▶ [Exercise brief]
Return all of the material that follows, keeping each line exactly as it is.

☆ ☆ ☆ ☆

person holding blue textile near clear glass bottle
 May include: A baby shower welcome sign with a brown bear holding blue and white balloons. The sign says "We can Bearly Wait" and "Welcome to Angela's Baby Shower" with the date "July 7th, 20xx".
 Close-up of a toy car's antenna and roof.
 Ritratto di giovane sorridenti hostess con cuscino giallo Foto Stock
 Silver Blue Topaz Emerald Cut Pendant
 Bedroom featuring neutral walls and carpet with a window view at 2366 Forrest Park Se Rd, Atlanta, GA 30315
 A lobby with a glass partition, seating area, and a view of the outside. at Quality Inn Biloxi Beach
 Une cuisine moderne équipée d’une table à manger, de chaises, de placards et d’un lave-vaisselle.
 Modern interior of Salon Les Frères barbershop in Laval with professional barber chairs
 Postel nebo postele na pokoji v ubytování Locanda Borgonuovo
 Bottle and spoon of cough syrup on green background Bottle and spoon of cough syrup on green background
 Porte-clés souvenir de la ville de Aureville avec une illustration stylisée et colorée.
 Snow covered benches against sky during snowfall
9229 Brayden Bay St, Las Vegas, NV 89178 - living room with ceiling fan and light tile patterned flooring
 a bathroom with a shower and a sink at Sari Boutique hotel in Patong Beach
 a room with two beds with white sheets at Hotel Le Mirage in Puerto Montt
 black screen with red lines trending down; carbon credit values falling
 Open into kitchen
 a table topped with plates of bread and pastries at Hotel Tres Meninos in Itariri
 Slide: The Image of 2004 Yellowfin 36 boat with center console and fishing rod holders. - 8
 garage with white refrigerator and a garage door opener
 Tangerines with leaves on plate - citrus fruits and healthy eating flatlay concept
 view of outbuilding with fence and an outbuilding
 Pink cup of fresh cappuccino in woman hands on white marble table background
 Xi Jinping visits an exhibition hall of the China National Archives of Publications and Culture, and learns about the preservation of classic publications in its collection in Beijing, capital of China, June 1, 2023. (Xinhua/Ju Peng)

☆ ☆ ☆ ☆

▶ [Finished task]
person holding blue textile near clear glass bottle
 May include: A baby shower welcome sign with a brown bear holding blue and white balloons. The sign says "We can Bearly Wait" and "Welcome to Angela's Baby Shower" with the date "July 7th, 20xx".
 Close-up of a toy car's antenna and roof.
 Ritratto di giovane sorridenti hostess con cuscino giallo Foto Stock
 Silver Blue Topaz Emerald Cut Pendant
 Bedroom featuring neutral walls and carpet with a window view at 2366 Forrest Park Se Rd, Atlanta, GA 30315
 A lobby with a glass partition, seating area, and a view of the outside. at Quality Inn Biloxi Beach
 Une cuisine moderne équipée d’une table à manger, de chaises, de placards et d’un lave-vaisselle.
 Modern interior of Salon Les Frères barbershop in Laval with professional barber chairs
 Postel nebo postele na pokoji v ubytování Locanda Borgonuovo
 Bottle and spoon of cough syrup on green background Bottle and spoon of cough syrup on green background
 Porte-clés souvenir de la ville de Aureville avec une illustration stylisée et colorée.
 Snow covered benches against sky during snowfall
9229 Brayden Bay St, Las Vegas, NV 89178 - living room with ceiling fan and light tile patterned flooring
 a bathroom with a shower and a sink at Sari Boutique hotel in Patong Beach
 a room with two beds with white sheets at Hotel Le Mirage in Puerto Montt
 black screen with red lines trending down; carbon credit values falling
 Open into kitchen
 a table topped with plates of bread and pastries at Hotel Tres Meninos in Itariri
 Slide: The Image of 2004 Yellowfin 36 boat with center console and fishing rod holders. - 8
 garage with white refrigerator and a garage door opener
 Tangerines with leaves on plate - citrus fruits and healthy eating flatlay concept
 view of outbuilding with fence and an outbuilding
 Pink cup of fresh cappuccino in woman hands on white marble table background
 Xi Jinping visits an exhibition hall of the China National Archives of Publications and Culture, and learns about the preservation of classic publications in its collection in Beijing, capital of China, June 1, 2023. (Xinhua/Ju Peng)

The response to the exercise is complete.